そこで、学校の先生をサポートして、生き物の飼育のしかたや生き物についての知識をより多く持ってもらうために、文部科学省は先生用の手引「学校における望ましい動物飼育のあり方」を作成しました。
手引は、学校で飼える動物の種類を示しているわけではありません。それぞれの学校の規模や施設などに合った動物を選ぶことが大切であると説明したうえで、主な飼育動物としてウサギ、モルモット、ハムスター、ニワトリやチャボの飼い方を解説しています。ただし、「あまり特殊であったり手間がかかりすぎたりする動物は飼わないことが望ましい」と書かれています。

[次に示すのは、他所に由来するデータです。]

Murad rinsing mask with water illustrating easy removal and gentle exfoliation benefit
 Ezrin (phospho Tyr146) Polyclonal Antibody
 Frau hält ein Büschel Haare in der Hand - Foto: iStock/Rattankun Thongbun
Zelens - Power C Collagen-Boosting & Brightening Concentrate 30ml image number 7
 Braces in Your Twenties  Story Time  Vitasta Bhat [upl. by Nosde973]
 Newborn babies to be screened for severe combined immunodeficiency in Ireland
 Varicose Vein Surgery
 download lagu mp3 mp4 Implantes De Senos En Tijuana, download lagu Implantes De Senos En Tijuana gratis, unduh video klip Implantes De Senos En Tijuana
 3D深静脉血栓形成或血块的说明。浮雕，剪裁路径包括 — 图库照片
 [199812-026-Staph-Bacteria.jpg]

中島さんに動物を選ぶポイントを聞きました。「エサの確保や掃除が大変でないなど飼育しやすいことや、病気になりにくい動物を選びましょう。動物の数を増やしすぎないようにするのも大事です」
近年は教室での飼育も増え、モルモット、ハムスター、小鳥、金魚、ザリガニ、メダカ、カエルやカメなどが飼われています。しかし、鳥インフルエンザが流行した2004年以降、鳥類は減っています。鳥類や昆虫に比べて世話に手間のかかる哺乳類も減っているようです。その一方で、全国ではヤギやヒツジ、クジャクを飼育している小学校や、ウーパールーパーなどの珍しい生物を飼育している小学校も少ないながらあります。
困ったら獣医師へ
中島さんは「飼いやすさも大切ですが、どうすれば動物が幸せと感じるか、動物の身になって考えてください。おなかがすいたり寒かったりするのはつらいし、汚れたすみかで暮らすのはいやなのです。また、飼育の前と後にはよく手を洗ったりうがいをしたりして、自分たちと動物の健康を守るように気を付けることが大事です。わからないことや困ったことがあった時は、獣医師に相談しましょう」と話しています。【毎日小学生新聞編集部・篠口純子】(毎日小学生新聞2019年10月29日掲載)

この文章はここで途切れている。